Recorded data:
════

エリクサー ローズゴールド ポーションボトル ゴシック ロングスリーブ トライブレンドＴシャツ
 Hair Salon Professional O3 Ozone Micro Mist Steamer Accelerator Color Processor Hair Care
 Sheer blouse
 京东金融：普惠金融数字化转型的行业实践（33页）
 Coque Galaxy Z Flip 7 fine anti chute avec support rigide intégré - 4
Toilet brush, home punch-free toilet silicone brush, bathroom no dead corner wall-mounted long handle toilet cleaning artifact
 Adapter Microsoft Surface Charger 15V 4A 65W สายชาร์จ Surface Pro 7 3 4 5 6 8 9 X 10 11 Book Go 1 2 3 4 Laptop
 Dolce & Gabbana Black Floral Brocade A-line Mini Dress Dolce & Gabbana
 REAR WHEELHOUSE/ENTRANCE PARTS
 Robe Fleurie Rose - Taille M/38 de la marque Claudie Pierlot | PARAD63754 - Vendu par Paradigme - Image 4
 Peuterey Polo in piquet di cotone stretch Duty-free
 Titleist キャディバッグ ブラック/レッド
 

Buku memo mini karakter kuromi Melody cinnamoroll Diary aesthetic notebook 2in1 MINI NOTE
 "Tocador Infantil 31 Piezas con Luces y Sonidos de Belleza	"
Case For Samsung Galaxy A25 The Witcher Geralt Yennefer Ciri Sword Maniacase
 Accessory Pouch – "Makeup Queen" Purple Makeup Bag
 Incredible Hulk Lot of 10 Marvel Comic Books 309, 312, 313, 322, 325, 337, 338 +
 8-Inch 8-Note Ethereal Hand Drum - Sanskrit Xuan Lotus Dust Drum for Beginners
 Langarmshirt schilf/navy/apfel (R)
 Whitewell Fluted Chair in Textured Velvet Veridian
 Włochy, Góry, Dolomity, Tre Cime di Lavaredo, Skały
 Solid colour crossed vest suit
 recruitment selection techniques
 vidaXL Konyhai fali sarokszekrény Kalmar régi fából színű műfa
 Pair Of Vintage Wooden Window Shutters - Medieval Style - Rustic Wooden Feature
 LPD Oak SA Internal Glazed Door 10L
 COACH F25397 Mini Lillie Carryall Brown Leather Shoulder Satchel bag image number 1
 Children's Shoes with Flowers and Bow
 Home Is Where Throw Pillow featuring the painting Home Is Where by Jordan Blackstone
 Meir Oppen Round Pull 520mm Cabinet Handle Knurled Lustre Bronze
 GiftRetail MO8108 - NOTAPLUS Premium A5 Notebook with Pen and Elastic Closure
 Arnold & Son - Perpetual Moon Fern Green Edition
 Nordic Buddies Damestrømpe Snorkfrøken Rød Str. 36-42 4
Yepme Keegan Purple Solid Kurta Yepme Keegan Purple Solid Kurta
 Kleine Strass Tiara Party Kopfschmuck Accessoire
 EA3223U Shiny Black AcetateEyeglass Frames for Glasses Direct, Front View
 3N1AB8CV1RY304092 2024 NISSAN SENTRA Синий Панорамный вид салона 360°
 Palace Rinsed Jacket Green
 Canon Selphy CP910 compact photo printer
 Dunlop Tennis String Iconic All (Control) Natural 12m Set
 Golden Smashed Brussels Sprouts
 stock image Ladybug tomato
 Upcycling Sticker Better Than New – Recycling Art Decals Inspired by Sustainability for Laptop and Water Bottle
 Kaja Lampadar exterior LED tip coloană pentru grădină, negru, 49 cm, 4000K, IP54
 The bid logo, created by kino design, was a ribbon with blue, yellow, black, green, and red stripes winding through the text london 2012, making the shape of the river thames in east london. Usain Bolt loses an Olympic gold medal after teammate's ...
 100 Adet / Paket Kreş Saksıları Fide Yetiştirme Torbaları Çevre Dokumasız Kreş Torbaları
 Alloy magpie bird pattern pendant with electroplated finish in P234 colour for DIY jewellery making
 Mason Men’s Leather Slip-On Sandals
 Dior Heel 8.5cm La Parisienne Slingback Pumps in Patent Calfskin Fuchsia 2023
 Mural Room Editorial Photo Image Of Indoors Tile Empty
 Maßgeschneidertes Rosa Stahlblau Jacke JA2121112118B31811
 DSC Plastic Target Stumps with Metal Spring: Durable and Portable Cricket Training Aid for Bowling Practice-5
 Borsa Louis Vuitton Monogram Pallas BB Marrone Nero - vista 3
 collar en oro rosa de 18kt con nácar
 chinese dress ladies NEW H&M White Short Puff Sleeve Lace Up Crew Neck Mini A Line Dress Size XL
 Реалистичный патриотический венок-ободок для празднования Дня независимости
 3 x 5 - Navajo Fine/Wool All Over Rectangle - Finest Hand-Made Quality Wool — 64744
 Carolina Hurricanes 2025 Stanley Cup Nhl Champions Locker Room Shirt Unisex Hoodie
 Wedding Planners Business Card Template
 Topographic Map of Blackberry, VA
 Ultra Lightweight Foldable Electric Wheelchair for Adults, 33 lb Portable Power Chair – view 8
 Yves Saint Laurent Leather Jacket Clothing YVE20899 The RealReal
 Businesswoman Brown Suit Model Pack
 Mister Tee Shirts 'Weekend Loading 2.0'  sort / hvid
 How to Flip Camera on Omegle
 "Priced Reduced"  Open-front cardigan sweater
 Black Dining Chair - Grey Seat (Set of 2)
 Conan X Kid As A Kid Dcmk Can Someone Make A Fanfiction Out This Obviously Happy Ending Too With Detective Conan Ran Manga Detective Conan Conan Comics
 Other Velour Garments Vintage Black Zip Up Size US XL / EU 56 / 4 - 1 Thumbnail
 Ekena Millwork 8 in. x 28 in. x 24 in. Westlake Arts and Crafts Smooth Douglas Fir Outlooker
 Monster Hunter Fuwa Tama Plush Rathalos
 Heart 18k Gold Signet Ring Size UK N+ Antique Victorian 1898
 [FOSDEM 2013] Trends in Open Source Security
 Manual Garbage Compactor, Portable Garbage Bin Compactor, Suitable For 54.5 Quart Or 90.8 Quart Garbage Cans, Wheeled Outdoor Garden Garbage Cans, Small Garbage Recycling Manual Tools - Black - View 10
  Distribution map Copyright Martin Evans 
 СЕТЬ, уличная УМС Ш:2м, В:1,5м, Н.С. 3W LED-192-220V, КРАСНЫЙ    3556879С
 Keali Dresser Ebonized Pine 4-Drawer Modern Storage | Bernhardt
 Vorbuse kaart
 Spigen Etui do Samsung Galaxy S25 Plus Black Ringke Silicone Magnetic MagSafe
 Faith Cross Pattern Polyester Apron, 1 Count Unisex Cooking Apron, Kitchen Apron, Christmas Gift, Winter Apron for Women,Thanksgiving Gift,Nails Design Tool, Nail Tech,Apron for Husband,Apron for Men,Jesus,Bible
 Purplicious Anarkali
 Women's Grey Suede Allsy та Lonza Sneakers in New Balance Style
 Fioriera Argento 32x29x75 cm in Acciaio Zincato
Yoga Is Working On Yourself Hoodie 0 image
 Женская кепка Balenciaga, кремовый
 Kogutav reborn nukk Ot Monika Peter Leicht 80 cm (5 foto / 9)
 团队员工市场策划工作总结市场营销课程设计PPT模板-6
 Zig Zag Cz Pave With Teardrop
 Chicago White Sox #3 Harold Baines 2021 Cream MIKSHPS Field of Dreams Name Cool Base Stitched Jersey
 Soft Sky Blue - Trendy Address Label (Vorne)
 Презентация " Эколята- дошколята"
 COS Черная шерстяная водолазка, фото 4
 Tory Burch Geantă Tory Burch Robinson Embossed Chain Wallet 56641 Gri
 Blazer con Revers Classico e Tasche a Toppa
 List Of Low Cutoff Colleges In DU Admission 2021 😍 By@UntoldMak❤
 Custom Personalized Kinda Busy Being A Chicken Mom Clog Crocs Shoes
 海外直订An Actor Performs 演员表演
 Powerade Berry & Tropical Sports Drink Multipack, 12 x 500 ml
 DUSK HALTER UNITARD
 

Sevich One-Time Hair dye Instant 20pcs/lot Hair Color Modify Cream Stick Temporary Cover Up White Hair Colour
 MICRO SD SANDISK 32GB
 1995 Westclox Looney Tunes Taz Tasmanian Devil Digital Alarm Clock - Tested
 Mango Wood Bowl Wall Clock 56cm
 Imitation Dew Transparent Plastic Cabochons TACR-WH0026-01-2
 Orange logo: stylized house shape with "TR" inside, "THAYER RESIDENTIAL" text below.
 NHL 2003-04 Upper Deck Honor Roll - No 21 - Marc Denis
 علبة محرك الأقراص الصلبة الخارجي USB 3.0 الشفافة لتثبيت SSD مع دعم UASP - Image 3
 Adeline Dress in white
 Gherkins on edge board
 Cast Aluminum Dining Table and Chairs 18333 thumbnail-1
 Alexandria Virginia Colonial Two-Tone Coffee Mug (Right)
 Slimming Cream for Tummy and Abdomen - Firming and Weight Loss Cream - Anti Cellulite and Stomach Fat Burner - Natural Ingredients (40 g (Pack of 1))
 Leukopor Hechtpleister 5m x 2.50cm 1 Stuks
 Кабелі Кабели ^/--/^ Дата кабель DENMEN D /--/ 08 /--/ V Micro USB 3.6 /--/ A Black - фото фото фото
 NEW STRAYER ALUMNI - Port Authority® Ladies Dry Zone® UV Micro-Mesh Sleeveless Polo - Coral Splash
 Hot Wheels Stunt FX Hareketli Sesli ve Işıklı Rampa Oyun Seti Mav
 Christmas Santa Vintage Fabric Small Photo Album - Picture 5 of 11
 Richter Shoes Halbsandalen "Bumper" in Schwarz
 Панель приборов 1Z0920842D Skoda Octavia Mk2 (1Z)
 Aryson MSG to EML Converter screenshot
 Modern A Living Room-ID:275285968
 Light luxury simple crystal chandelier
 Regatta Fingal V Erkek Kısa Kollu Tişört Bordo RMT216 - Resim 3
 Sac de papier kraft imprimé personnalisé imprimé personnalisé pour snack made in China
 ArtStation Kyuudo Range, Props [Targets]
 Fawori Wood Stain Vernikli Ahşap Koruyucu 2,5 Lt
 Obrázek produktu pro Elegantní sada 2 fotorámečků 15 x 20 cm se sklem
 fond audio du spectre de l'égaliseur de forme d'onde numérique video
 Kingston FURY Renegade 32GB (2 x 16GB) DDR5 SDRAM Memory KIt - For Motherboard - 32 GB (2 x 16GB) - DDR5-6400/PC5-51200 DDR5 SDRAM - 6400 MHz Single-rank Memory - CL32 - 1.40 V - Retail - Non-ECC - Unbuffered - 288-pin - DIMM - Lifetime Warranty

════

Your goal: Given the data above, which lines hold the string "Portable"? Return them.

Response to the exercise:
 DSC Plastic Target Stumps with Metal Spring: Durable and Portable Cricket Training Aid for Bowling Practice-5
 Ultra Lightweight Foldable Electric Wheelchair for Adults, 33 lb Portable Power Chair – view 8
 Manual Garbage Compactor, Portable Garbage Bin Compactor, Suitable For 54.5 Quart Or 90.8 Quart Garbage Cans, Wheeled Outdoor Garden Garbage Cans, Small Garbage Recycling Manual Tools - Black - View 10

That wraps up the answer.